On the other hand, employees who are transparent, accountable and seeking to continually improve with respect to safety will carry those traits into the rest of their work, to the company's benefit. Moreover, employees internalize safe behavior, taking responsibility for not only their own safety, but also that of their co-workers. Committed employees will accept and appreciate feedback from colleagues who they know will help improve their safety.
One of the biggest hurdles to overcome in achieving a strong safety culture is creating a shared and common appreciation for safety among all parties – from top floor to shop floor. Most manufacturers will say safety is a priority. But attitudes and behaviors on the plant floor too often prove such statements to be little more than superficial lip service.
If safety is considered a priority within a company, it competes with other company priorities. For best-in-class manufacturers, safety is more than a priority; it's a core value. When safety is ingrained as a value within a company's culture, neither management nor employees on the plant floor will make exceptions to safety, no matter how big the customer or how urgent an order.
Some preliminary questions to help gauge a manufacturer's safety culture include:
- Are leaders, teams and employees objective observers?
- Can employees see what's happening on the plant floor and understand the real or potential impacts on safety?
- Are safety problems met with excuses or finger-pointing?
- In meetings or on the plant floor, does everyone speak up or is it frequently the same people?
- Are safety issues treated honestly and transparently?
A strong safety culture is communicated and demonstrated from the top down. Every employee should know that management is fully on board with a world-class safety culture, and safety even should be integrated into a company's brand and business plans.
PepsiCo provides a strong example of a safety culture in action with the implementation of its Global Environmental, Health and Safety Management System (GEHSMS). The system conforms to ISO 14001, but also sets "global standards for risk areas" across the company.

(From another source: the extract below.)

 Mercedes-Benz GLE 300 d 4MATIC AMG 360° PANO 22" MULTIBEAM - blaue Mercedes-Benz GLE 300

The PepsiCo EHS policy, implemented under the GEHSMS, includes a proactive "ownership culture" across individual, managerial and organizational levels. The policy, distributed from the CEO and sent across the company's brands, states, "We believe that environmental incidents and occupational injuries and illnesses are preventable, and we aspire to be an incident-free workplace."
Striving for continuous improvement is an integral characteristic for best-in-class performers. After all, manufacturers can't become the best unless they embrace continual improvement.